Collection entries
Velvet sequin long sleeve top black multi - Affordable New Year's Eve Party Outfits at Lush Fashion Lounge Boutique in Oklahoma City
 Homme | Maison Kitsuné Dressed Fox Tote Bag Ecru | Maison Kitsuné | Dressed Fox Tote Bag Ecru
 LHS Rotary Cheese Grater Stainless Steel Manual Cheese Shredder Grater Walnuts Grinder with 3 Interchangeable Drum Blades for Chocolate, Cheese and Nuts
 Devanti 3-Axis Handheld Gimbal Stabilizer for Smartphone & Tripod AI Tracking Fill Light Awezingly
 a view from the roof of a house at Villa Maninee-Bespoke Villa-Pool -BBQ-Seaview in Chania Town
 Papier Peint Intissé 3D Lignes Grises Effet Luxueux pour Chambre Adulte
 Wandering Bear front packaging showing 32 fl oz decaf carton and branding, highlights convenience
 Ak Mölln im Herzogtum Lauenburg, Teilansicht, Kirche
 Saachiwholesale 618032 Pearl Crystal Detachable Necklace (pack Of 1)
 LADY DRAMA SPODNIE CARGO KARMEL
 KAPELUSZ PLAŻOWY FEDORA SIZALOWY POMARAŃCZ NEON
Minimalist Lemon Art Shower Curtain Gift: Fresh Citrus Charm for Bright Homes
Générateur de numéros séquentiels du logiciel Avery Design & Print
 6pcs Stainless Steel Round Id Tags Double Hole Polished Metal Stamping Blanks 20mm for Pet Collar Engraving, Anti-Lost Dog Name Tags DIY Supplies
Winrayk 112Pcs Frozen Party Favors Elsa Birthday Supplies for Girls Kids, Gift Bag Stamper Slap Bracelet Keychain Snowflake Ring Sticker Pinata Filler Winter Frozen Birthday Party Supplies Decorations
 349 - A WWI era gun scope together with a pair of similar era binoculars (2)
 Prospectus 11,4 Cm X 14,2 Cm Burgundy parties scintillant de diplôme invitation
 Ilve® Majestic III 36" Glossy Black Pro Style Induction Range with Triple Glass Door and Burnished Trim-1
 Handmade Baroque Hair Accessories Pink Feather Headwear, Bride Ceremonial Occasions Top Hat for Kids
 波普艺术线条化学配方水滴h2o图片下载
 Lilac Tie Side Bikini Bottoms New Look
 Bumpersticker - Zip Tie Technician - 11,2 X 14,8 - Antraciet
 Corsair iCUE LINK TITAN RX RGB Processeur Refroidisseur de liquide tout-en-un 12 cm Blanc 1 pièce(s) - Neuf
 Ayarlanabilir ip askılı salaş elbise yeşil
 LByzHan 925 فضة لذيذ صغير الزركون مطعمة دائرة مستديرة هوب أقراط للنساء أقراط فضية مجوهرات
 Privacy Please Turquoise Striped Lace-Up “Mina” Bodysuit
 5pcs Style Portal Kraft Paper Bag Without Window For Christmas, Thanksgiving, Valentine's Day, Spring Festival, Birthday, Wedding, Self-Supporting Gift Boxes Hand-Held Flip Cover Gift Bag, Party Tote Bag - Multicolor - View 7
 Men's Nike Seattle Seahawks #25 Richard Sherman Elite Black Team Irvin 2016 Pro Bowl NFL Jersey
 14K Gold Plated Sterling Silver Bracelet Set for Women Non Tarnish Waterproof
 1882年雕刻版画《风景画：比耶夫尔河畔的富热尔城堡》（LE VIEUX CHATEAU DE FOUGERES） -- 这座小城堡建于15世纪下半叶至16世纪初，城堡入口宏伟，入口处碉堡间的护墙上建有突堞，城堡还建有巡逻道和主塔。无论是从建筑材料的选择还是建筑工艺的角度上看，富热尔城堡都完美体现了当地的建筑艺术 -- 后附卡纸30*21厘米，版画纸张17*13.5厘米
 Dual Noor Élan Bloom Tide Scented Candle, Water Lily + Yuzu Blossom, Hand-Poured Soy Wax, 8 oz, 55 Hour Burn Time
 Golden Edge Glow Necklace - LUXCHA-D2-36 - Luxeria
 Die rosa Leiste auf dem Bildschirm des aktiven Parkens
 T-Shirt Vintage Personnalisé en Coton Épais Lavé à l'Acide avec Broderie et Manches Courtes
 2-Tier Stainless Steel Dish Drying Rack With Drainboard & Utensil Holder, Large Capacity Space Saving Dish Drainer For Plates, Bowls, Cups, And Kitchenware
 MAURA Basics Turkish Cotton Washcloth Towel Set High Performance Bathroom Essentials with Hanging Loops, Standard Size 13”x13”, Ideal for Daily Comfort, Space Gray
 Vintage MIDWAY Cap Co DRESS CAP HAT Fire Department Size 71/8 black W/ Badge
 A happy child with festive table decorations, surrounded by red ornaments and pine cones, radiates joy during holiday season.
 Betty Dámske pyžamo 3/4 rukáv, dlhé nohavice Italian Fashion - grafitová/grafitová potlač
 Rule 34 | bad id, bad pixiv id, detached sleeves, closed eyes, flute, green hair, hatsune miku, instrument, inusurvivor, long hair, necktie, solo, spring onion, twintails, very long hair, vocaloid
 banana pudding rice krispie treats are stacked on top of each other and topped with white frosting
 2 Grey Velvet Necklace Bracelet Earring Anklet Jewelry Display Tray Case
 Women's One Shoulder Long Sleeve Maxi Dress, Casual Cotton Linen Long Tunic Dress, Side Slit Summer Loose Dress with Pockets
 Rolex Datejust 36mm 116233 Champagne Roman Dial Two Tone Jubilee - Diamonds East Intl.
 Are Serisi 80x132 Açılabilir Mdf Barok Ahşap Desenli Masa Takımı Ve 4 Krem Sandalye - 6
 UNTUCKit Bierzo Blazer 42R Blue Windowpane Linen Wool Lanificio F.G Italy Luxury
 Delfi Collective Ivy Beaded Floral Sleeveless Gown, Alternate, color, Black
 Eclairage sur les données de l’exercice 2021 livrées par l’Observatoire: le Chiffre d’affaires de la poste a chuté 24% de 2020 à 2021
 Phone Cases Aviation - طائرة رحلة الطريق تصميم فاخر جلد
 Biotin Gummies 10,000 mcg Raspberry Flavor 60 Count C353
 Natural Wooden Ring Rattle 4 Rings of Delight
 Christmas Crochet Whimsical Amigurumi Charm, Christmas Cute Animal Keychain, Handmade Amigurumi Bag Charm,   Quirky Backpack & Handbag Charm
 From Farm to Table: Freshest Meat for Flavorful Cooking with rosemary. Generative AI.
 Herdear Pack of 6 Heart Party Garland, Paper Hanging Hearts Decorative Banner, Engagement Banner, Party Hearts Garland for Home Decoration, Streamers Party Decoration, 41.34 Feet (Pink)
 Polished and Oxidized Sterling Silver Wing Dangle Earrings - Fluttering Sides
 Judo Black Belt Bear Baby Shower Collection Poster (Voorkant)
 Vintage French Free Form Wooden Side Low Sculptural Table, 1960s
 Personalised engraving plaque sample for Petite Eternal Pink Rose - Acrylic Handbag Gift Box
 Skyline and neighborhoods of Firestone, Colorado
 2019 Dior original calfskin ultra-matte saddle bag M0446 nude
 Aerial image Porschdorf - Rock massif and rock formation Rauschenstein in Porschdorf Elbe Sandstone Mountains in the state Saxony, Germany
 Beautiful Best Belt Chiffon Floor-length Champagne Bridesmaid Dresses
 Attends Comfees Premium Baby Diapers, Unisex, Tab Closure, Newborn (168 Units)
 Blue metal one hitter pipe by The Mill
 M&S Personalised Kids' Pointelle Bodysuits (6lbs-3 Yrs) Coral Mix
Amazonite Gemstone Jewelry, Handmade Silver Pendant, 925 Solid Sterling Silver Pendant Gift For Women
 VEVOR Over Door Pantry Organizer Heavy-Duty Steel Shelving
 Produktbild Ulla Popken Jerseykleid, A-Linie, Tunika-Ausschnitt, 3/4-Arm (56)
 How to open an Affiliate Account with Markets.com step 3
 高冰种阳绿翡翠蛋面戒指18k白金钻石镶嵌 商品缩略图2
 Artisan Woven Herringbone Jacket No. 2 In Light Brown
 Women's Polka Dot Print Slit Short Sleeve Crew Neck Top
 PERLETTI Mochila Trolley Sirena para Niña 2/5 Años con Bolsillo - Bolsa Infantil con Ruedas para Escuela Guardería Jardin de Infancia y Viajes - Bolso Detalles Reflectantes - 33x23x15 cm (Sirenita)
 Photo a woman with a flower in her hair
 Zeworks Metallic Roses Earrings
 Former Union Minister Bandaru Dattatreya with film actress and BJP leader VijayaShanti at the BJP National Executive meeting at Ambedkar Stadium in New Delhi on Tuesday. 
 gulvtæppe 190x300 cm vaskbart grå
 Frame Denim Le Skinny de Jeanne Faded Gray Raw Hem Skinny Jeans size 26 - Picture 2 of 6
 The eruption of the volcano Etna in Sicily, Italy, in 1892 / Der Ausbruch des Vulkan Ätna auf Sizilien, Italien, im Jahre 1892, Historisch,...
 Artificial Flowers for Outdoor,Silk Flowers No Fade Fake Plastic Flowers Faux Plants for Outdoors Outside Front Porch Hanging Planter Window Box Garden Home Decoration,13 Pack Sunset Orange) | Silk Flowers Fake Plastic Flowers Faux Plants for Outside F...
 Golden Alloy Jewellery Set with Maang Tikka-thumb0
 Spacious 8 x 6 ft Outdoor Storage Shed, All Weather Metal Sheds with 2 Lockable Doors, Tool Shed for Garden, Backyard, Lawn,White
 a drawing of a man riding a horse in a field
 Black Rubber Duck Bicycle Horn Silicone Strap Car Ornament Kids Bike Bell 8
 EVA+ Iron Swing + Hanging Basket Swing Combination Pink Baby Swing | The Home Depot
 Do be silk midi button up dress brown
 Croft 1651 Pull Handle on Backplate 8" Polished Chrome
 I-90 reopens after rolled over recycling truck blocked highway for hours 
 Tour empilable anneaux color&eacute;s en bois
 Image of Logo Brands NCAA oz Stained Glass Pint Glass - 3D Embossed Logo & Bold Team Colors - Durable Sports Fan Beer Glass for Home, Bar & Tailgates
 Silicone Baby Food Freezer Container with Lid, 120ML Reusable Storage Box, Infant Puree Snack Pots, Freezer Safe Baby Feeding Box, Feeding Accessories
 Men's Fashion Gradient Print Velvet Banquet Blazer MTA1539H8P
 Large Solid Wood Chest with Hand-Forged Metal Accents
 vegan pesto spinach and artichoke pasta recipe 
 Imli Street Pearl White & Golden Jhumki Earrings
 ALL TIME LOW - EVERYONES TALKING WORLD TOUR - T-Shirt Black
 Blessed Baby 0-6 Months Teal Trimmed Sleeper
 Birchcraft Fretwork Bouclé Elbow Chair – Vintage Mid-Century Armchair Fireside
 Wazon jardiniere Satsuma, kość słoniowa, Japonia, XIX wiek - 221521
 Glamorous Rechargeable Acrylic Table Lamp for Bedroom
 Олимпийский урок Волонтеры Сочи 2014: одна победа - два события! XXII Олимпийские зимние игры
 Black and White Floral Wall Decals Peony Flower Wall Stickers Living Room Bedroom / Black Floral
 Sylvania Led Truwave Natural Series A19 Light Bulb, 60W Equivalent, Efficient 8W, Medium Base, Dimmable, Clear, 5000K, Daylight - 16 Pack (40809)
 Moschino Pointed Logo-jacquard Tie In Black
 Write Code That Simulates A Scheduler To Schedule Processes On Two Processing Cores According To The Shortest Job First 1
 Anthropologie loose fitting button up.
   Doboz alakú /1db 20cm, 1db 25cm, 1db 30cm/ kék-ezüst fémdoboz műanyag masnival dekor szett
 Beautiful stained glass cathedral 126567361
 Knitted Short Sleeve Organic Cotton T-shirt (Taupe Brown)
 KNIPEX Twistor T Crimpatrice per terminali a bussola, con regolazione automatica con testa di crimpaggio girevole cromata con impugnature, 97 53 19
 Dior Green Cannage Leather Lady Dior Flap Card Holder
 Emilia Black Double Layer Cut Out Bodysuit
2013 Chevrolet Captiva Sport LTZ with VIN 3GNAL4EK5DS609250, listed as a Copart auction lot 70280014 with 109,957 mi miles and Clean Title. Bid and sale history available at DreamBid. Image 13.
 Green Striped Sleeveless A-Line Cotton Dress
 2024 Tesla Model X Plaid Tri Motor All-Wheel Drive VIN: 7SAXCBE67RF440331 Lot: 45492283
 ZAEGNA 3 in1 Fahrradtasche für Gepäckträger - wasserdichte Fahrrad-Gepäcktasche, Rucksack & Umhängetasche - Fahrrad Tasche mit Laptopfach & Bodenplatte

Exercise prompt: Every line above from the line with "Are Serisi 80x132" to the line with "From Farm to", inclusive, must be returned exactly; no other line belongs in the reply.

Written answer:
 Are Serisi 80x132 Açılabilir Mdf Barok Ahşap Desenli Masa Takımı Ve 4 Krem Sandalye - 6
 UNTUCKit Bierzo Blazer 42R Blue Windowpane Linen Wool Lanificio F.G Italy Luxury
 Delfi Collective Ivy Beaded Floral Sleeveless Gown, Alternate, color, Black
 Eclairage sur les données de l’exercice 2021 livrées par l’Observatoire: le Chiffre d’affaires de la poste a chuté 24% de 2020 à 2021
 Phone Cases Aviation - طائرة رحلة الطريق تصميم فاخر جلد
 Biotin Gummies 10,000 mcg Raspberry Flavor 60 Count C353
 Natural Wooden Ring Rattle 4 Rings of Delight
 Christmas Crochet Whimsical Amigurumi Charm, Christmas Cute Animal Keychain, Handmade Amigurumi Bag Charm,   Quirky Backpack & Handbag Charm
 From Farm to Table: Freshest Meat for Flavorful Cooking with rosemary. Generative AI.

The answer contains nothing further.